On prétend, et ce semble avec raison, vu les circonstances, que sans eux il n’y a pas d’administration possible. Rompus à toute espèce de ruses, d’intrigues et de stratagèmes, ils s’entendent admirablement à pressurer le peuple et à se protéger eux-mêmes contre les mandarins. On les casse, on les chasse, on les injurie, on les roue de coups de rotin ; ils savent tout supporter et restent aux aguets pour saisir l’occasion de rentrer en place, et quelquefois même de se débarrasser des mandarins trop sévères.

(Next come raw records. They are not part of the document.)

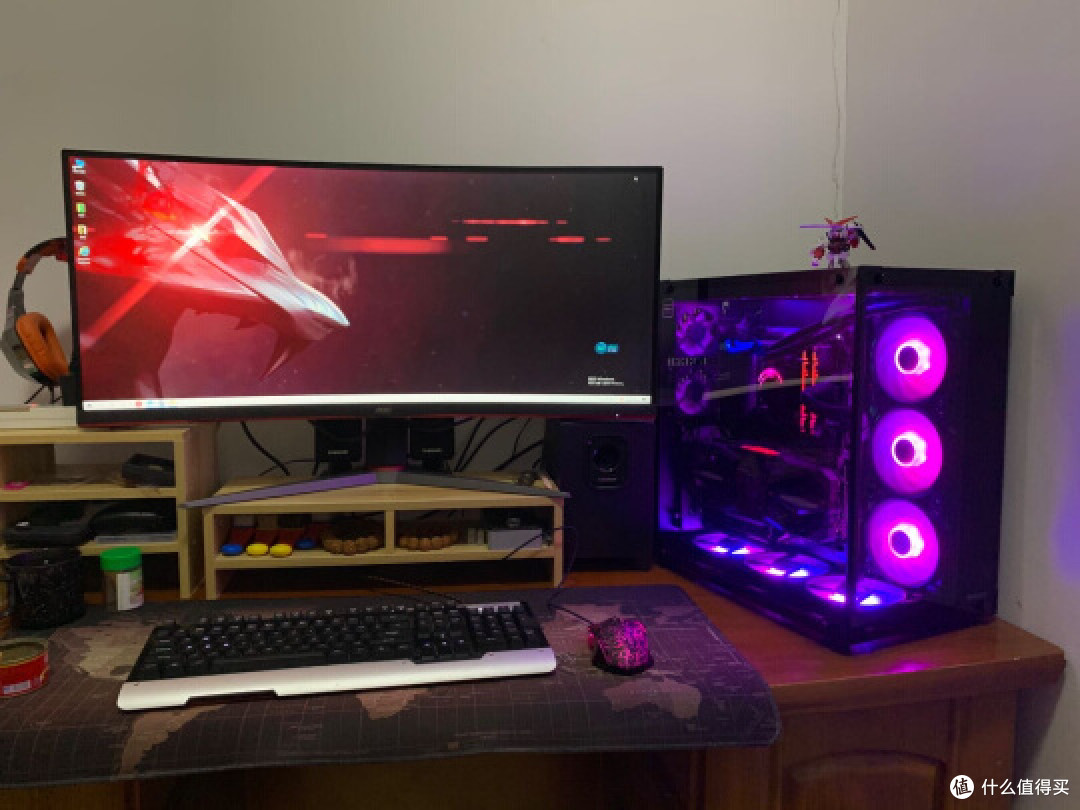 玩游戏做设计快到飞起大型真香现场海康威视c2000pro紫光版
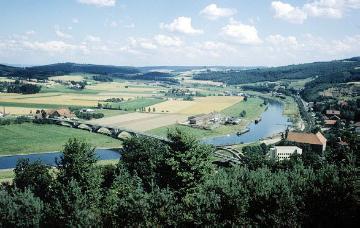 Blick über die Weser in das Ravensberger Hügelland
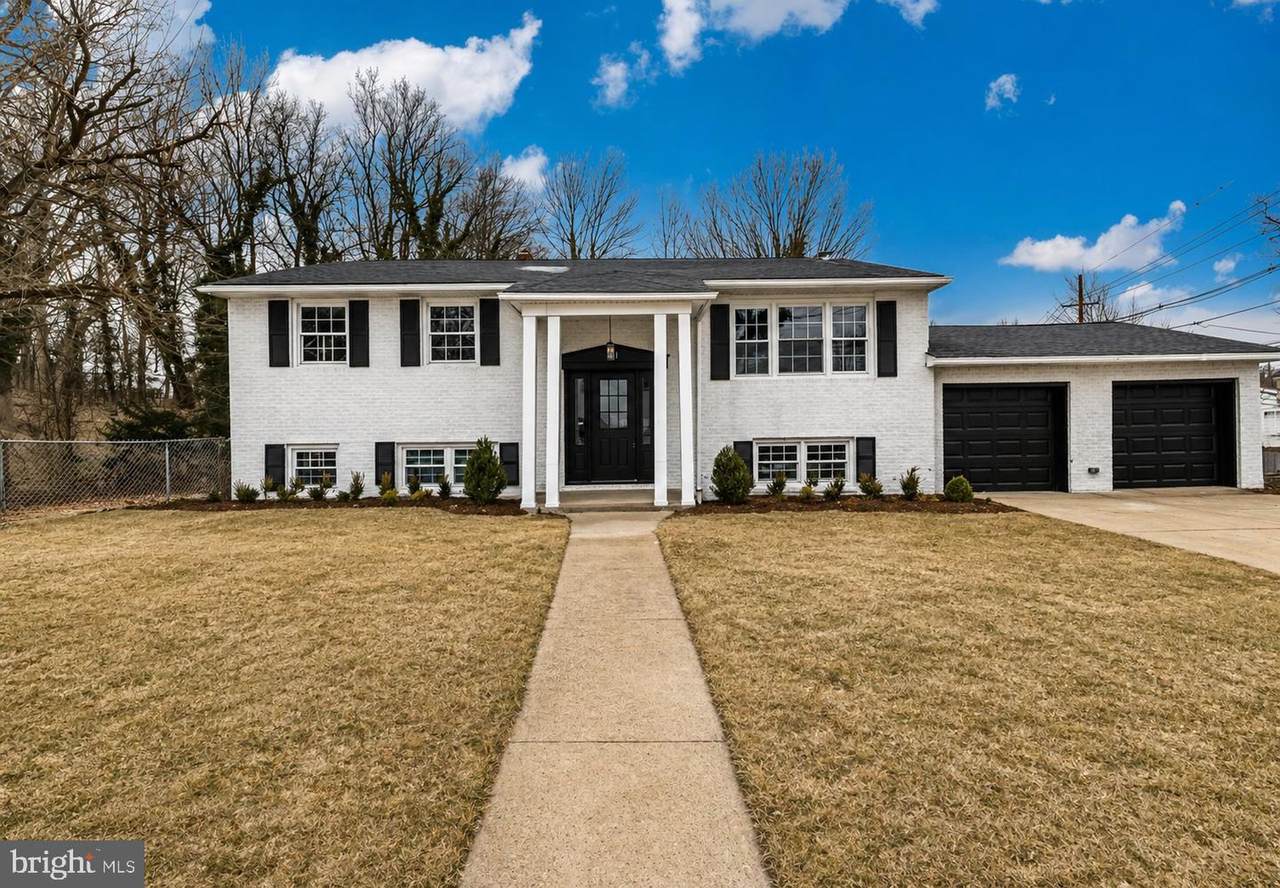 901 Sunset Drive - Photo 1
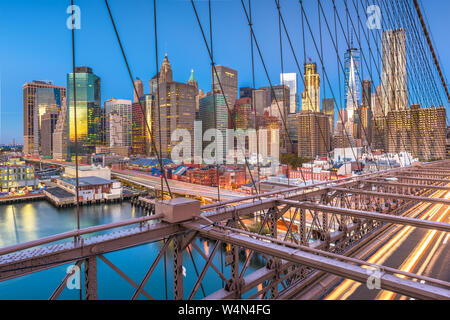 New York, USA Lower Manhattan Skyline von der Brooklyn Bridge. Stockfoto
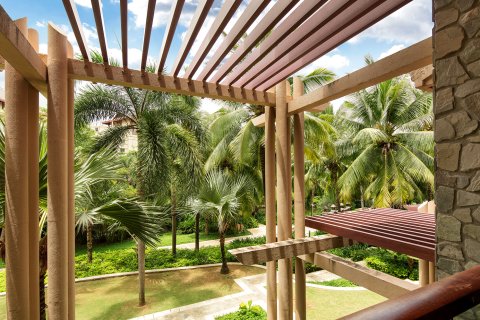 三亚亚龙湾希尔顿酒店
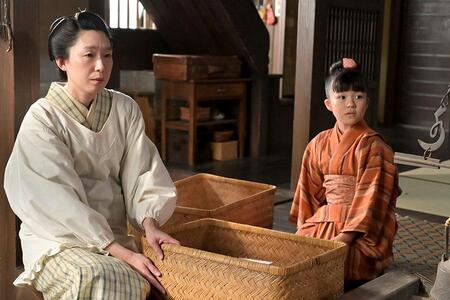 　『あんぱん』第６回より。内職の仕事をする羽多子（写真左、江口のりこ）とのぶ（写真右、永瀬ゆずな）（Ｃ）ＮＨＫ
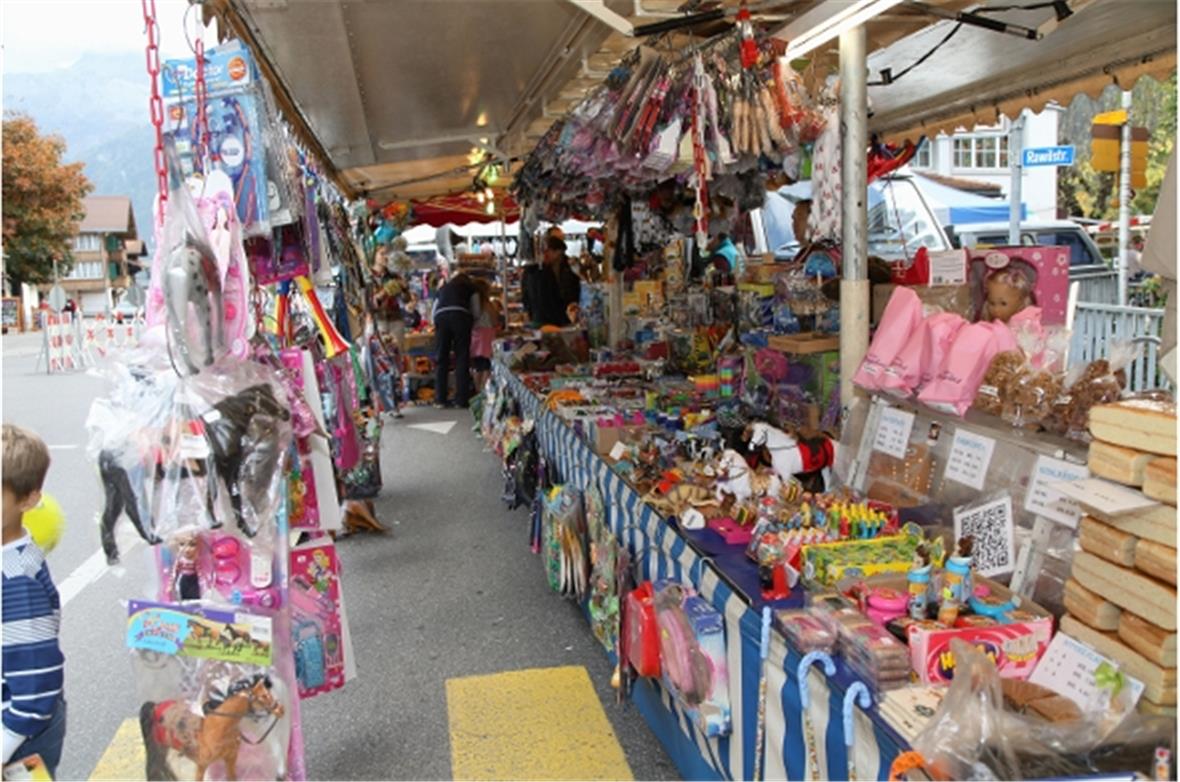 Der Renner auf dem Lenkermärit, Spielsachen. Spielen sollen und dürfen Kinder und Kinder hat man gern.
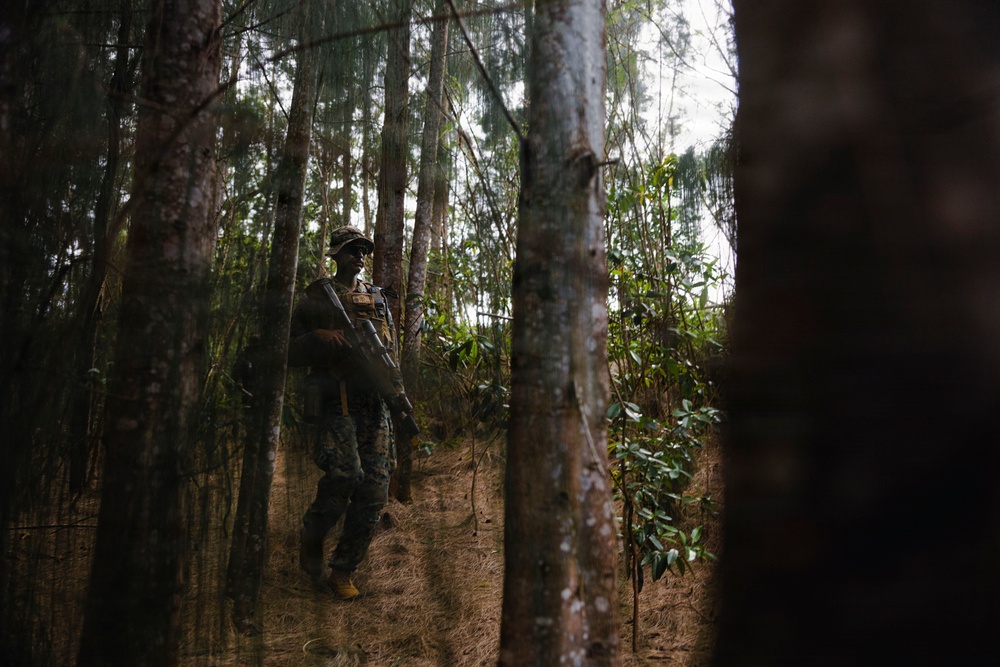 3rd LCT executes patrol base and simulated civil engagement operations during MCCRE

Bien qu’ils soient divisés en divers partis, cherchant mutuellement à se supplanter, à peu près comme les grands partis politiques des No-ron, Nam-in, etc., dont il a été question plus haut, ils savent oublier momentanément leurs querelles et se soutenir tous quand les intérêts du corps sont menacés. Un de leurs axiomes fondamentaux est qu’il faut toujours tromper le mandarin, et le mettre le moins possible au courant des affaires locales. C’est pour eux une question de vie ou de mort, car la plupart n’ont pas de paye régulière, et ceux qui en ont une ne la peuvent toucher que très rarement. Forcés d’une part de satisfaire, aux dépens du peuple, l’avidité insatiable des mandarins, et d’autre part obligés de dépenser beaucoup pour leur entretien et celui de leurs familles, ils ne vivent que des fraudes et des exactions qu’ils commettent pour leur propre compte. S’ils laissaient connaître au mandarin les ressources secrètes qu’ils savent ainsi exploiter, celui-ci s’en emparerait immédiatement, et il ne leur resterait qu’à mourir de faim.